"Celebrating another woman's triumphs or success will never take away from your shine or glory. If anything, it'll add to it and create more light." Alexandra Elle
Women Are Supportive of Each Other But Not Often Enough Inside The Workplace
As humans, but especially as women, we experience joy and strength when we’re understood and supported by each other and when we know that others share in our experience and echo our voice. When we turn to the workplace, however, many women have experienced the opposite. It seems counterintuitive how much we depend upon and grow from female friendships in our personal lives and then turn on them at work.
Research abounds showing a very high percentage of women strongly preferring to work for a man rather than a woman. A survey conducted by the Workplace Bullying Institute showed that 40 percent of workplace bullies are women. Men don't seem to discriminate between men and women targets, whereas women bullies are more likely to bully other women.
Robin Ely, a researcher from Yale, whose work was intended to peel back the onion on why women’s office connections can become toxic, conducted research in law firms in which 95% of employees were male. Women in these male-dominated offices thought less of one another and offered weak support, if any. Female partners in those firms were “almost universally reviled." ”My most difficult relationship at work had been with a woman, but women had also given me the most amazing support,” Robin says. She doesn’t buy into either of the common stereotypes about women—that they are nurturing earth mamas or manipulative traitors. Instead, her hypothesis was simply that “women, like all human beings, respond to the situation they’re in.”
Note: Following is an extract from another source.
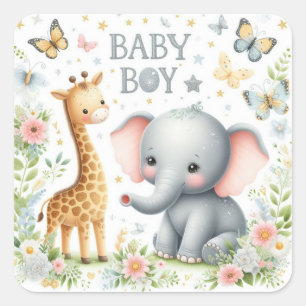 Cute Baby Boy Elephant and Giraffe with Flowers  Square Sticker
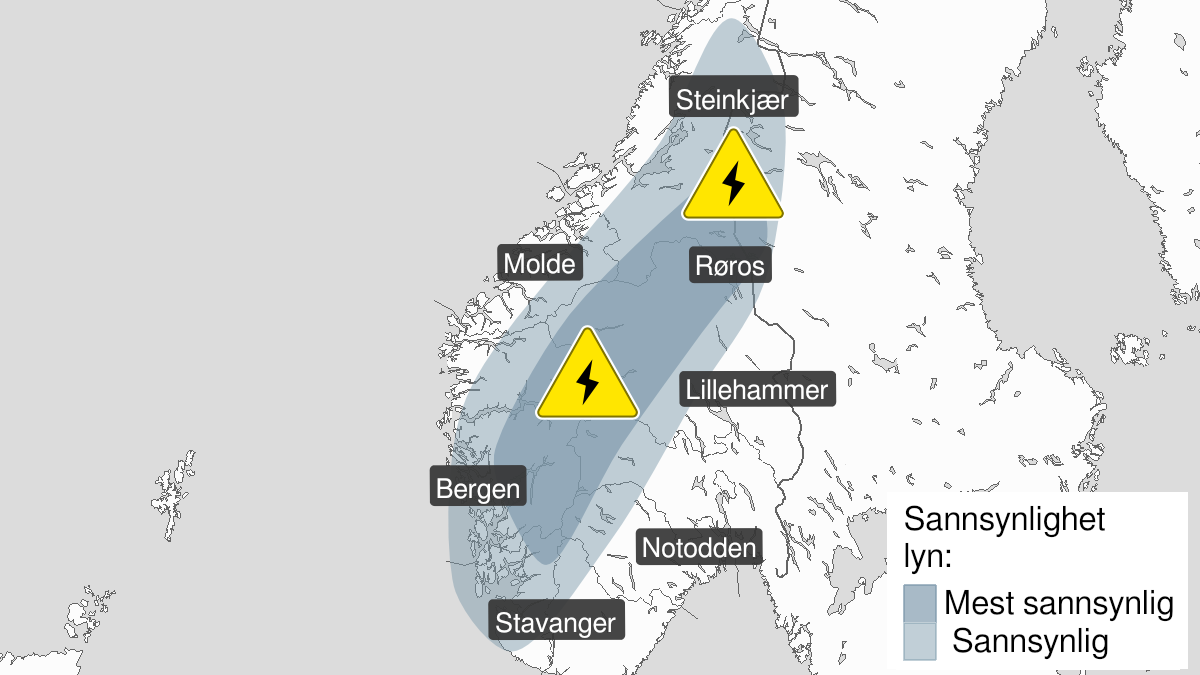 Kart over Mye lyn, gult nivå, Vestlandet sør for Stad, indre strøk av Midt-Norge og nordlige Innlandet, 2022-07-20T05:15:00+00:00, 2022-07-21T01:00:00+00:00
The Workplace Environment Plays a Big Role in How Women Interact
A strong body of research supports this finding. What is sometimes called “queen-bee” behavior arises under certain circumstances—like when a woman believes that the path to success is so narrow, she can barely squeeze through herself, let alone try to bring others along with her. Every industry, company culture, and level of competition is different but universally it is agreed that a women’s career path has more barriers than a man’s. And to have a woman standing in your way is disheartening.
Getting to the root causes of this long-standing situation will take systemic change. What is not complex, however, is for each of us who believe in the power of support to begin now to make a difference for women in our workplaces. Imagine a line of women cheering you on in the race!
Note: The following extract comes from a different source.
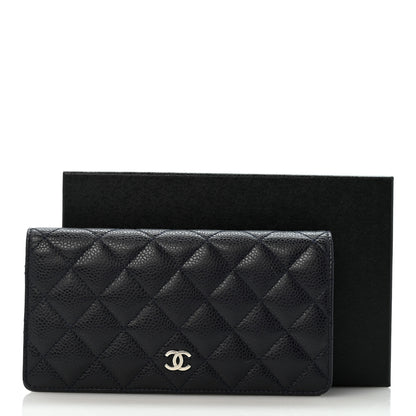 Chanel Caviar Quilted Yen Wallet Dark Blue 11 of 11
Ways to Show Support for Women in the Workplace
Here are some ways we can all (men and women) show and extend genuine support for women in the workplace.
Listen to her story.
Be available, be present. Be authentic. If you aren’t, she will know it. It's human to feel competitive sometimes; jealousy is a normal feeling. Yet if we can be aware of these negative emotions, we can offer ourselves as a powerful ally to another woman.
Celebrate one another.
Humans, and especially women, thrive on encouragement and positive reinforcement. Bring the best version of yourself to the party! You will be free and open to offer kindness, joy and generosity as you celebrate together.
Treat others the way you wish to be treated.
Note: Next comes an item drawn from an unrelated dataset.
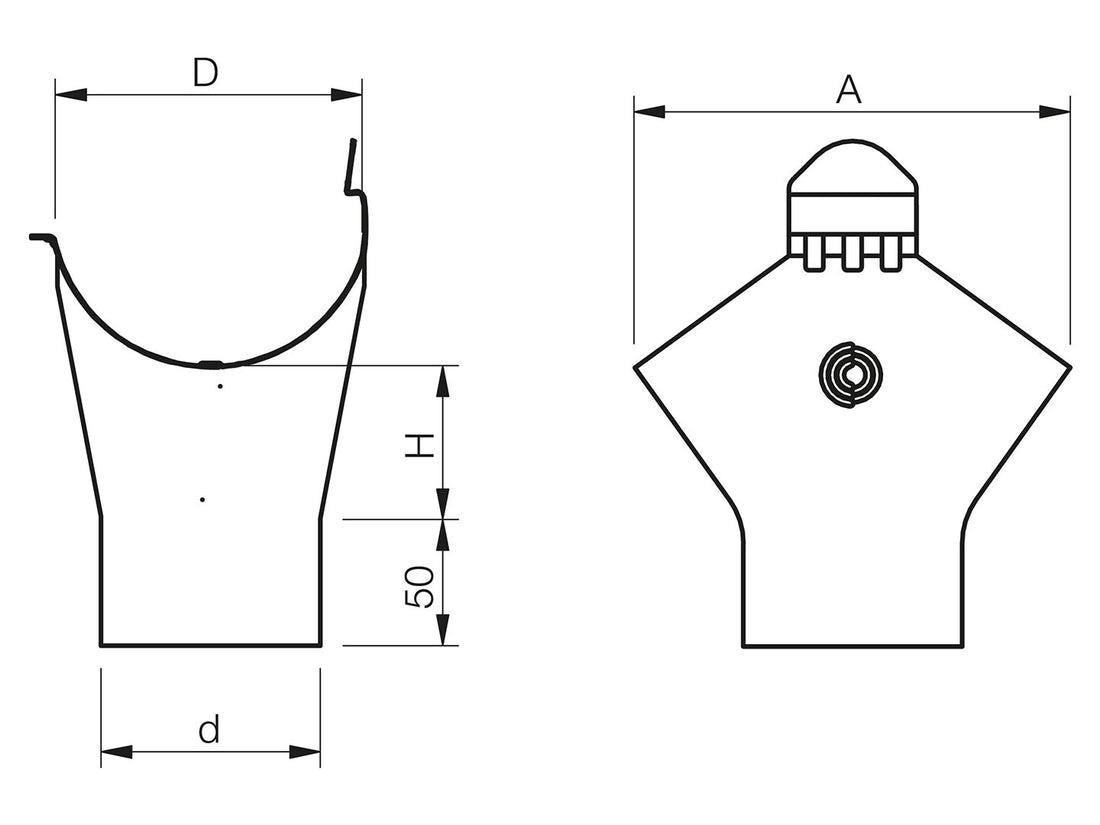 Lindab Színes acél Elite OMV Ereszcsatorna betorkoló csonk 125/87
While this is a simple concept, it maybe not always so simple to affect. Remember the golden rule, and you can’t go wrong when you reach out to support her.
Stay accountable for her and for yourself.
When you’re showing support to someone, helping them stay accountable to their goals is important for them and for you. It keeps them on track and it keeps you in encouragement. Even when it may be easy to slip into a little jealousy, what you’ll find is that support feels good. And stay accountable to your goals and ambitions. If you are in direct competition with another woman for a promotion or a job, we aren’t saying to step down or step back. Go for it. Give it your all. Just don’t push her down or step on her to get there.
Build you up while building her up.
Helping other women is in your own best interest too. There are too few examples of women in leadership and frankly in the workforce. So the more women succeed, the better off they will be to help each other. And the opposite is true, the more we beat each other down, the less advocates we will have in tough environments. You never know where your next job referral or job offer will come from.
Find Spaces That Truly Support Women's Workplace Success
If you are in a toxic situation and are being bullied by a woman, we're sorry to hear it. As Madeleine Albright says, “There is a special place in hell for women who don't help other women." It is a very difficult and complicated situation that is rooted in power or using fear to gain power. Many of us have had our own experiences with this, and we learned to survive and thrive by our own rules.